Nymea drops magic when deleting device

Whenever I delete a device (a ZigBee device, in my case), nymea deletes all magic which refers to that device. I certainly understand the reasoning behind that design decision. However, deleting devices and adding the same devices again to the network has become something of a daily routine for me, alas. Other activities normal to the maintenance will also provoke the same behavior, such as re-flashing the ZigBee coordinator.

Rewriting all that magic whenever I had to renew the binding of a device is becoming quite a chore. Also, it requires me to do keep book about which magic mentions which devices, and I have to keep screenshots of each magic so that I can rewrite it from scratch whenever I lost it.

I think that instead of simply and silently discarding all magic that mentions a deleted device, there should be provisions to conserve the magic with enough information to restore it once the devices needed are back in operation.

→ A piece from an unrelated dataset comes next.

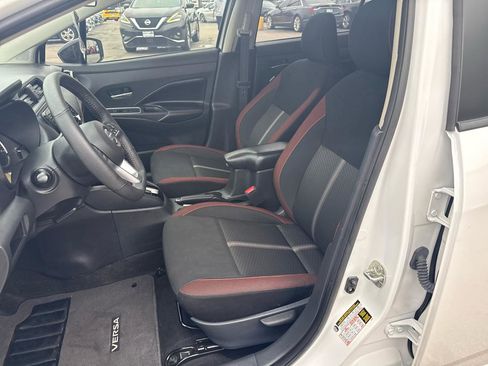 Used 2024 Nissan Versa SR w/ Trunk Package FWD image 9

There are several ways to do that.

One very simple way would be to just let the magic stand and to handle missing devices at runtime for each magic. That’s not very elegant and might be a bit error prone, but it’s simple.

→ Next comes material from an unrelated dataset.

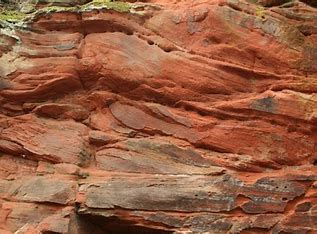 sandstone formations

Another way would be to replace each mention of a deleted device with an object of a class which represents deleted devices. The proxy object presumably would store at least the unique ID of the deleted object, preferably also its type and the properties and values associated with the operation.

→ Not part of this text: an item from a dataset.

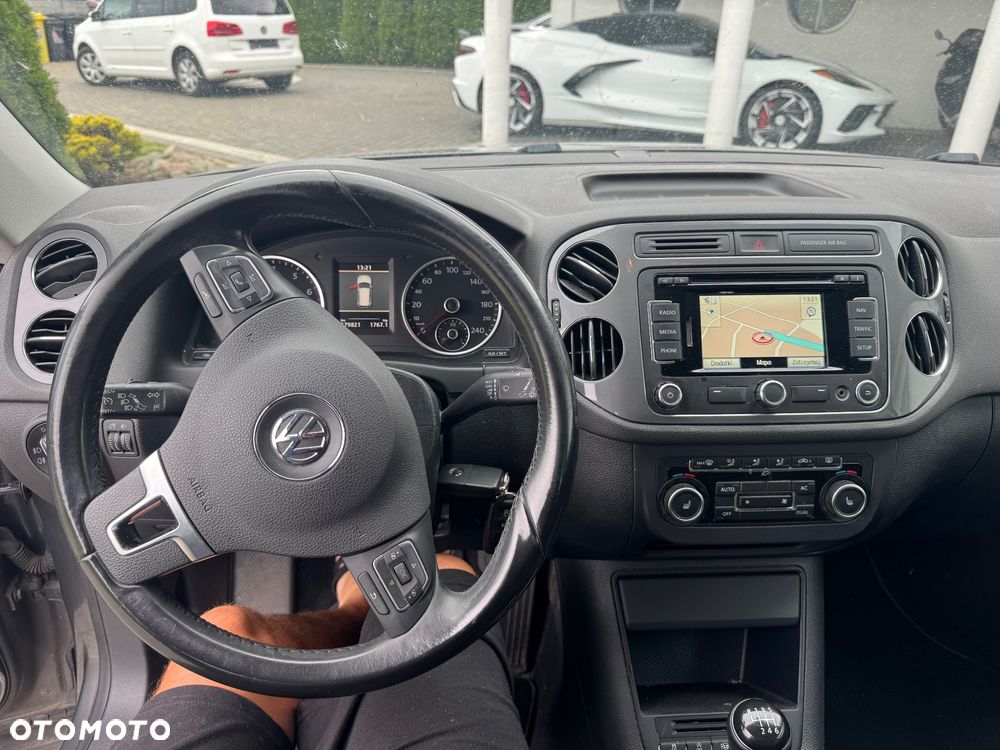 Volkswagen Tiguan 1.4 TSI BlueMotion Technology Cup Sport & Style - 13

The system then could search all magic or all instances of proxy devices whenever a device is freshly bound and restore the magic to its state prior to deleting the device.

A bit more involved: the GUI which supports the building of the magic could prompt the user for a replacement for the dropped device; but this is certainly much more complex and the specifications need some clarification before implementation. The first variant certainly would cover most cases when I have to delete devices and bind them again.

While we’re at it: I would much appreciate if there was another way of documenting my magic other than taking a screenshot of the builder GUI. A text representation of the same content would already be much more useful. It also would be handy for discussing magic here in the forum. I’r rather not use an external OCR software to decode what’s shown in the GUI.

This is a very valid point.

Now, at this moment, I would not question the general behavior of nymea, that removing a thing also removes the associated configuration (such as rules, tags etc). Normally, removing a thing is not something that happens accidentally. Having to clean up rules etc manually afterwards would IMO make for a worse user experience in the case where a thing is intentionally removed.

In earlier days, nymea had a mode where it would not remove a rule if a thing went missing, but instead update a rule and only remove conditions/actions for that particular thing. This, however, did not prove a useful thing in the end as it would nearly always leave broken rules in the system, which could even cause very bad system behavior. So somewhen last year that behavior was removed. I still believe that was the right decision in general.

However, as you’re rightly pointing out, this very much becomes an issue in the context of ZigBee, where things are automatically created and removed, reflecting the actual ZigBee network nodes. While in theory a node should never leave the network unless it’s removed for good, turns out that in practice it very much is an actual use case, especially when dealing with ZigBee network instabilities.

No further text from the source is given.